### SOURCE RECORDS ###

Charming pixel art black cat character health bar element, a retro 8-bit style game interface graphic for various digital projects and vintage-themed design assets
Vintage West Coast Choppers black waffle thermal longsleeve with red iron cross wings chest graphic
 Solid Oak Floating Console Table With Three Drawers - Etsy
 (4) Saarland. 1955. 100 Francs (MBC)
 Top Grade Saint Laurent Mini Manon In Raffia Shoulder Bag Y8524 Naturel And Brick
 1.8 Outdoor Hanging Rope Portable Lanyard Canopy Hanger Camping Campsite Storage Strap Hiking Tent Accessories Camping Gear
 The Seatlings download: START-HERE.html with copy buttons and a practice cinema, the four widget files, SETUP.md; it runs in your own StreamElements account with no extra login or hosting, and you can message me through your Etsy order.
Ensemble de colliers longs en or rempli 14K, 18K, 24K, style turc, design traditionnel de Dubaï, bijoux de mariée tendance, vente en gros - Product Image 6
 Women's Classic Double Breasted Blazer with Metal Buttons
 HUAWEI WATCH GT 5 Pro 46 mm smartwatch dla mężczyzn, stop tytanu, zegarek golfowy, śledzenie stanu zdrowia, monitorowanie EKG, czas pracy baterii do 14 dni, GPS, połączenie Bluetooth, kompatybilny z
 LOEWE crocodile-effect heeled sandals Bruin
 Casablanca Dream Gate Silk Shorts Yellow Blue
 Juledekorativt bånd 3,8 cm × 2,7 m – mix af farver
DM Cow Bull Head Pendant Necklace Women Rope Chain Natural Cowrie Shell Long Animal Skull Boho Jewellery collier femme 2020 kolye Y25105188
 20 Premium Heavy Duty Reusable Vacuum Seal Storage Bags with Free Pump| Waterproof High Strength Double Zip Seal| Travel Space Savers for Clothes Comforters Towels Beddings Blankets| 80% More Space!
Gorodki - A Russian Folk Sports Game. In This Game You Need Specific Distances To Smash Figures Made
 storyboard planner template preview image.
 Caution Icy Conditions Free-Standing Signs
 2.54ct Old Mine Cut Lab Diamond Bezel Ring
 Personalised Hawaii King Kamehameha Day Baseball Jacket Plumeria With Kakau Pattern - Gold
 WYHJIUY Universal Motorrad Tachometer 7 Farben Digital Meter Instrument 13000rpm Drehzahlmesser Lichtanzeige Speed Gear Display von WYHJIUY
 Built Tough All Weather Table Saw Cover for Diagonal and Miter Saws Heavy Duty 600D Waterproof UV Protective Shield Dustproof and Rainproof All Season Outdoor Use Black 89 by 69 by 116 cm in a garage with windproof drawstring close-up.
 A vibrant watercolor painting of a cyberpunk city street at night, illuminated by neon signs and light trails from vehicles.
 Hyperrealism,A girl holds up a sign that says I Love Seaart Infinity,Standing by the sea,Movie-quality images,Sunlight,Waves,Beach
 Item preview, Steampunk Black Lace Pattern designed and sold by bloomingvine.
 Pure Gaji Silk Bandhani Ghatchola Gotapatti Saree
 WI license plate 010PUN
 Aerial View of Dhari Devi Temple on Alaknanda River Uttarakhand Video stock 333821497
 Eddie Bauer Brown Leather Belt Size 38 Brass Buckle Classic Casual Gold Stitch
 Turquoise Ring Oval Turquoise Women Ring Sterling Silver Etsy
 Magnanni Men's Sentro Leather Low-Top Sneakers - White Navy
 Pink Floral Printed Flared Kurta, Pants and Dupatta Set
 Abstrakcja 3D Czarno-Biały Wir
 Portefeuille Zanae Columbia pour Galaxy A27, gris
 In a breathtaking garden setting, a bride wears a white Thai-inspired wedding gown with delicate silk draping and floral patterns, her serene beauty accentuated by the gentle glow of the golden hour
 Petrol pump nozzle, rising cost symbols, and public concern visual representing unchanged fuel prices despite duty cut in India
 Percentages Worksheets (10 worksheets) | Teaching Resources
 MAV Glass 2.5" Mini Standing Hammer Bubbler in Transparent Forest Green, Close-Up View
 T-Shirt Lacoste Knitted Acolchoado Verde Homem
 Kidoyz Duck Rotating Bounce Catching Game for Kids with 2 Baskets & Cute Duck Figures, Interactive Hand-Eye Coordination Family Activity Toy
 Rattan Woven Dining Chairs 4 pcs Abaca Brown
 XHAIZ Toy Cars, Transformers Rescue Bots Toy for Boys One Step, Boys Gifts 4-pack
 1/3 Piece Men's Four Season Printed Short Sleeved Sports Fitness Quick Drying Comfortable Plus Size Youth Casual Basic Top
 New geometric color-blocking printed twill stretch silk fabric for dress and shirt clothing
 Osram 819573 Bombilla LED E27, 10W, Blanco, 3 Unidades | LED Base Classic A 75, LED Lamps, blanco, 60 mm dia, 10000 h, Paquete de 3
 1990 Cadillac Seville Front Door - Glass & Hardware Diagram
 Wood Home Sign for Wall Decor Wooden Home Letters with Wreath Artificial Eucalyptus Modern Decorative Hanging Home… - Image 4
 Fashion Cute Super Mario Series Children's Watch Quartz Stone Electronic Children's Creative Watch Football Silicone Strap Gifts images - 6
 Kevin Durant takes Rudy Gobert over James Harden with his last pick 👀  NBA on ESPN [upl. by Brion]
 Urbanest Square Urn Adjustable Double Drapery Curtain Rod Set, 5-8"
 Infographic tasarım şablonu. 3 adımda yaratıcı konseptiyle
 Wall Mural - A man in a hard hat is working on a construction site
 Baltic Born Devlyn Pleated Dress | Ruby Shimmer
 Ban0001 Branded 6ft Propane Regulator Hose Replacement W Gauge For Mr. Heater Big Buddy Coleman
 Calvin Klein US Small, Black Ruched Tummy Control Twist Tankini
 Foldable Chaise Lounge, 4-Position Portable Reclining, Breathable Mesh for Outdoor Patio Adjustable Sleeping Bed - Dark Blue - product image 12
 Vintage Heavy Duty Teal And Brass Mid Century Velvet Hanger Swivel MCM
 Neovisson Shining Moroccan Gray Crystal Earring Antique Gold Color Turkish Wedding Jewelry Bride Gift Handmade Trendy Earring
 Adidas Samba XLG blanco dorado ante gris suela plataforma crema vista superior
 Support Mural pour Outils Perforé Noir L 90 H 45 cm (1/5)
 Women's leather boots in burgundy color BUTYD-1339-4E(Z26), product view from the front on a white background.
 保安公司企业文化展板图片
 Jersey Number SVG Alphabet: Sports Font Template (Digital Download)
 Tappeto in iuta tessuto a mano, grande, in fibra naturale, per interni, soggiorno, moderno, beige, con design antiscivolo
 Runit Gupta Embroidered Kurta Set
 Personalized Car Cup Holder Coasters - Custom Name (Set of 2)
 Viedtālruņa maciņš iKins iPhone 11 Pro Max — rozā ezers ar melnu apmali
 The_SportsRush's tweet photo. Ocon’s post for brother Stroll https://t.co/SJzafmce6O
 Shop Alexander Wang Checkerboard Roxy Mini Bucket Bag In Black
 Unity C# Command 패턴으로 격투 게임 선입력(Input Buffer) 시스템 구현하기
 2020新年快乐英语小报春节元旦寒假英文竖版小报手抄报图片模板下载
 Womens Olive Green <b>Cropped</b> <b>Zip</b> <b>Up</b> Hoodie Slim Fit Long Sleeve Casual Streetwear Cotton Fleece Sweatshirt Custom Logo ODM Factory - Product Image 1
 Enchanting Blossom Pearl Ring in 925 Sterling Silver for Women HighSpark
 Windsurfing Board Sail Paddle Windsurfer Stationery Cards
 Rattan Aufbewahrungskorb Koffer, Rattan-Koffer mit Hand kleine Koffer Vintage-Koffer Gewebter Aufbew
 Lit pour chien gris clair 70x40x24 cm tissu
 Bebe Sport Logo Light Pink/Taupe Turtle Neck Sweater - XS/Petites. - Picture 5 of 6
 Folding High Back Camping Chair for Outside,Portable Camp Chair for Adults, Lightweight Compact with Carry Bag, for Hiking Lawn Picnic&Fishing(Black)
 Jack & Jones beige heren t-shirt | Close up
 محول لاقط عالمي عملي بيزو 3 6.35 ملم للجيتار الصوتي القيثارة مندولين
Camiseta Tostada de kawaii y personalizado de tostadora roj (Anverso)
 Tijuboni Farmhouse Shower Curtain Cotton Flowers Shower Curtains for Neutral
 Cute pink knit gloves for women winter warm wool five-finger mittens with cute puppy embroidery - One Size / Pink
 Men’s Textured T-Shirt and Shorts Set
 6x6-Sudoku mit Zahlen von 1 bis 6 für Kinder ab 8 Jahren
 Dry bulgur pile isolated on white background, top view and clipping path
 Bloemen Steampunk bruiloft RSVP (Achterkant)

###

TRY IT:
Please return exactly the lines from the first line of the material through the one with "Top Grade Saint", and no lines after it.

TASK RESPONSE:
Charming pixel art black cat character health bar element, a retro 8-bit style game interface graphic for various digital projects and vintage-themed design assets
Vintage West Coast Choppers black waffle thermal longsleeve with red iron cross wings chest graphic
 Solid Oak Floating Console Table With Three Drawers - Etsy
 (4) Saarland. 1955. 100 Francs (MBC)
 Top Grade Saint Laurent Mini Manon In Raffia Shoulder Bag Y8524 Naturel And Brick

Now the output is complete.